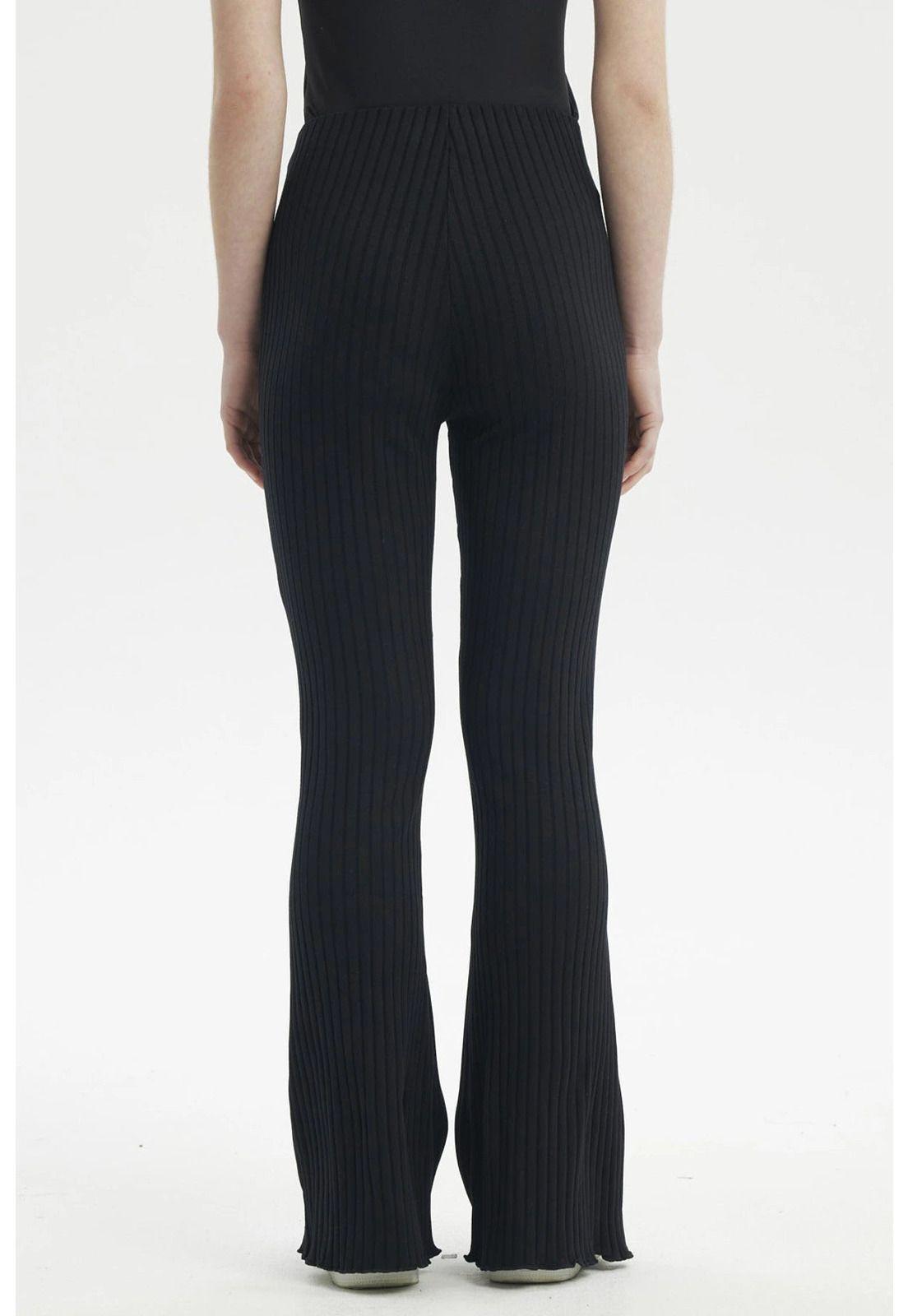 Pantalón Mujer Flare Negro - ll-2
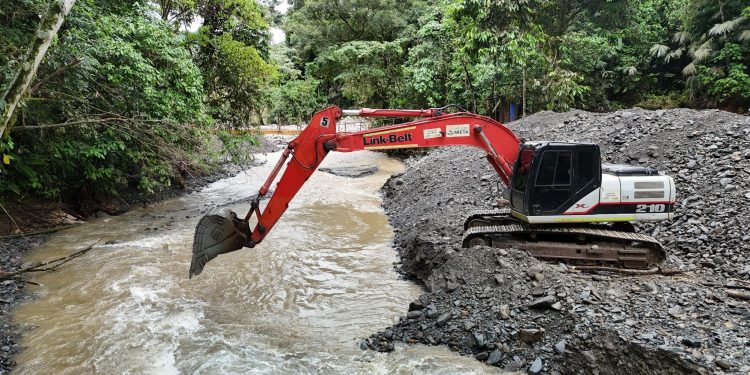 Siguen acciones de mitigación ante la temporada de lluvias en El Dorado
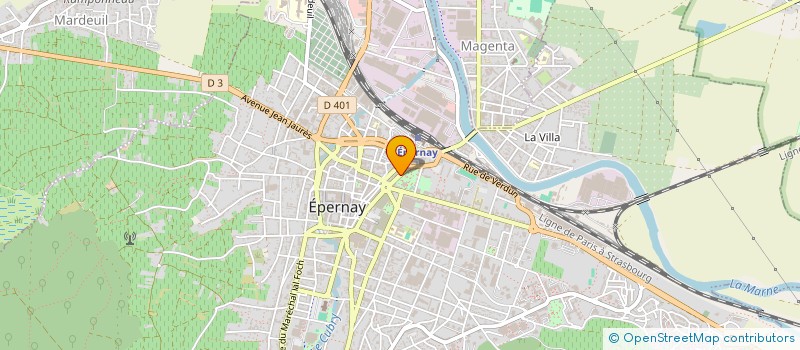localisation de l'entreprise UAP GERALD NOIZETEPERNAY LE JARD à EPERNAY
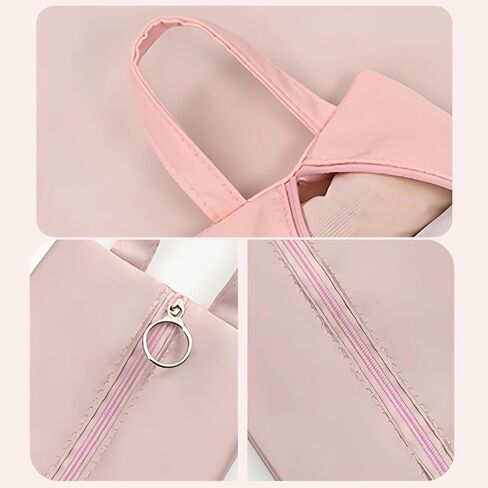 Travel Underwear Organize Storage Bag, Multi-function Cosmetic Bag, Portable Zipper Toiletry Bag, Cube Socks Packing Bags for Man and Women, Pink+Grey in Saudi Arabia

= = = = =

## [Description of the task]
Leave out the pictures, then reproduce exactly the run of lines from the one that contains "Siguen acciones de" to the final line of the listing above.

## [Reply]
 Siguen acciones de mitigación ante la temporada de lluvias en El Dorado
localisation de l'entreprise UAP GERALD NOIZETEPERNAY LE JARD à EPERNAY
 Travel Underwear Organize Storage Bag, Multi-function Cosmetic Bag, Portable Zipper Toiletry Bag, Cube Socks Packing Bags for Man and Women, Pink+Grey in Saudi Arabia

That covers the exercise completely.